YOUR ASSIGNMENT: Everything from the first line of the data below through the line that contains "Oh look, all" should be written out exactly, please, and nothing more; the pictures stay out.

COLLECTED MATERIAL:
--
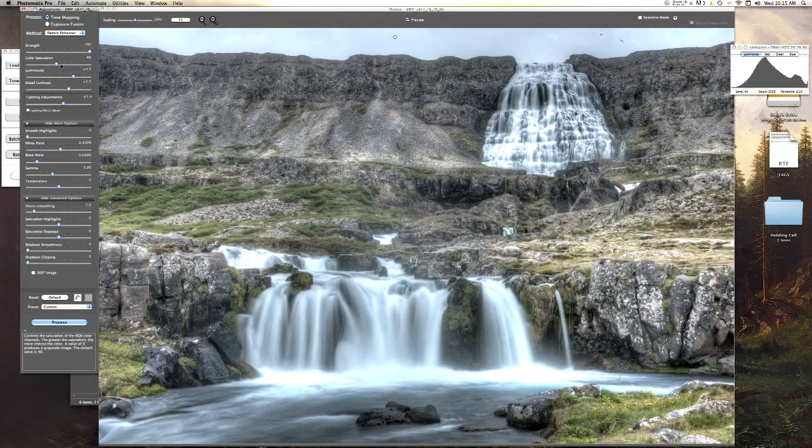Saturation — that's starting to look good. As you can see we're losing some white data up here on the top right, but that's not a big deal because we're going to blend that back in Photoshop anyway. Do some final adjustments and that looks good to me. Let's go ahead and hit Process.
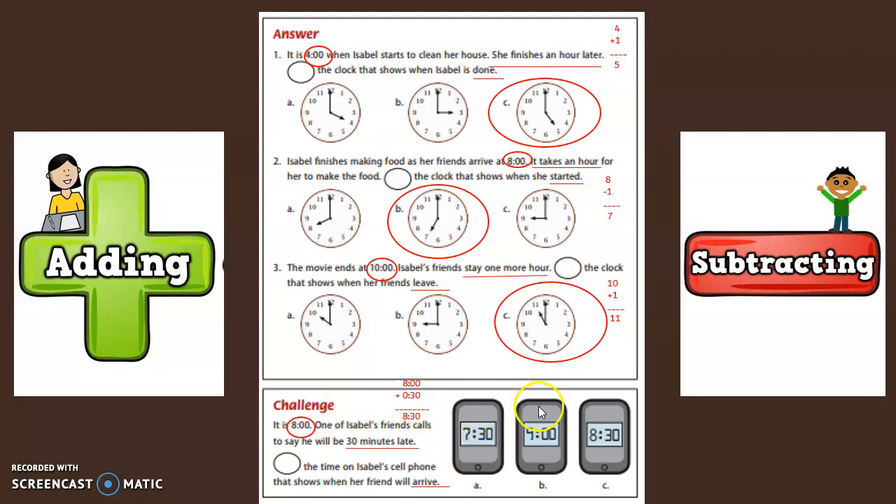This phone shows 7:30. This phone shows nine. This phone shows 8:30. Which phone shows the time Isabel's friend will arrive? Yes, C — at 8:30, Isabel's friend will arrive.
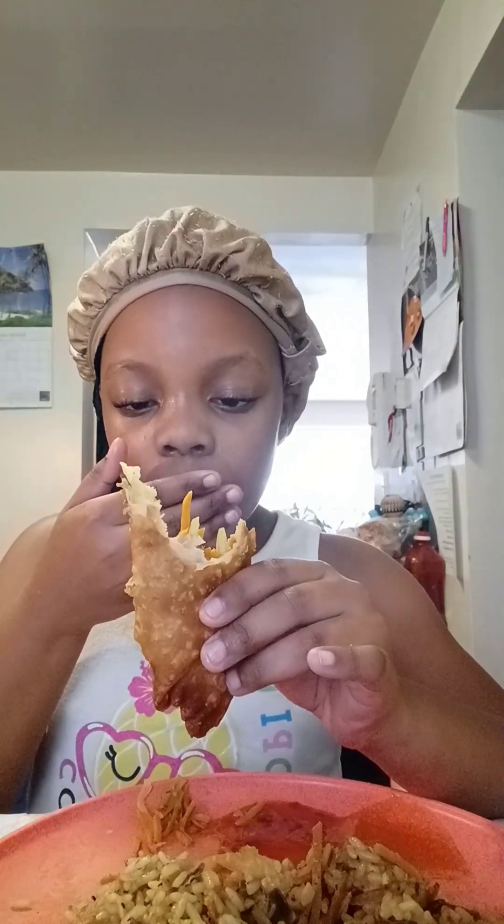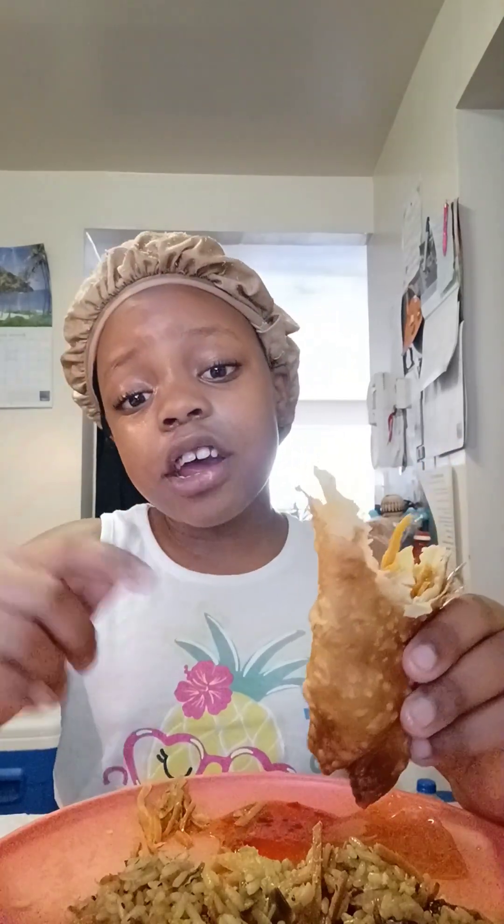Oh look, all the shrimp fell out! This egg roll — shrimp egg roll and shrimp fried rice — it's delicious. I'll give this egg roll 20 out of 20 and the rice 10 out of 10, but altogether it gets 30 out of 30. And the duck sauce is delicious.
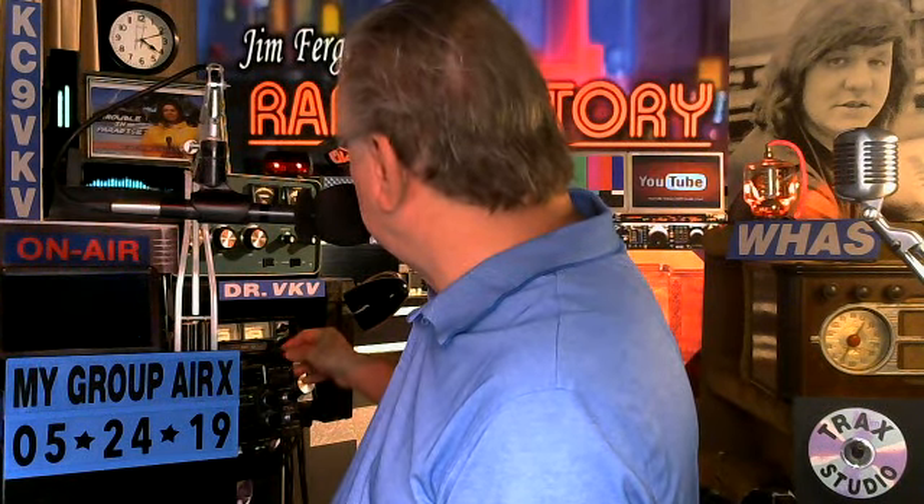Good morning, Roger. Let me give you the call again: it's Kilo Charlie 9 Victor Kilo Victor. Now let me drop down to 100 watts — you can see what's happening here. We're at 100 watts right now, 1-2-3-4-5, 5-4-3-2-1, this is 100 watts and that's a KW. Go to YouTube and do the call letter search for Kilo Charlie 9 Victor Kilo Victor, and that'll take you to our QSO V-LOG page. On that page you'll be looking for a QSO entitled My Group Air Check 5-24-19.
--
SOLUTION:
Saturation — that's starting to look good. As you can see we're losing some white data up here on the top right, but that's not a big deal because we're going to blend that back in Photoshop anyway. Do some final adjustments and that looks good to me. Let's go ahead and hit Process.
This phone shows 7:30. This phone shows nine. This phone shows 8:30. Which phone shows the time Isabel's friend will arrive? Yes, C — at 8:30, Isabel's friend will arrive.
Oh look, all the shrimp fell out! This egg roll — shrimp egg roll and shrimp fried rice — it's delicious. I'll give this egg roll 20 out of 20 and the rice 10 out of 10, but altogether it gets 30 out of 30. And the duck sauce is delicious.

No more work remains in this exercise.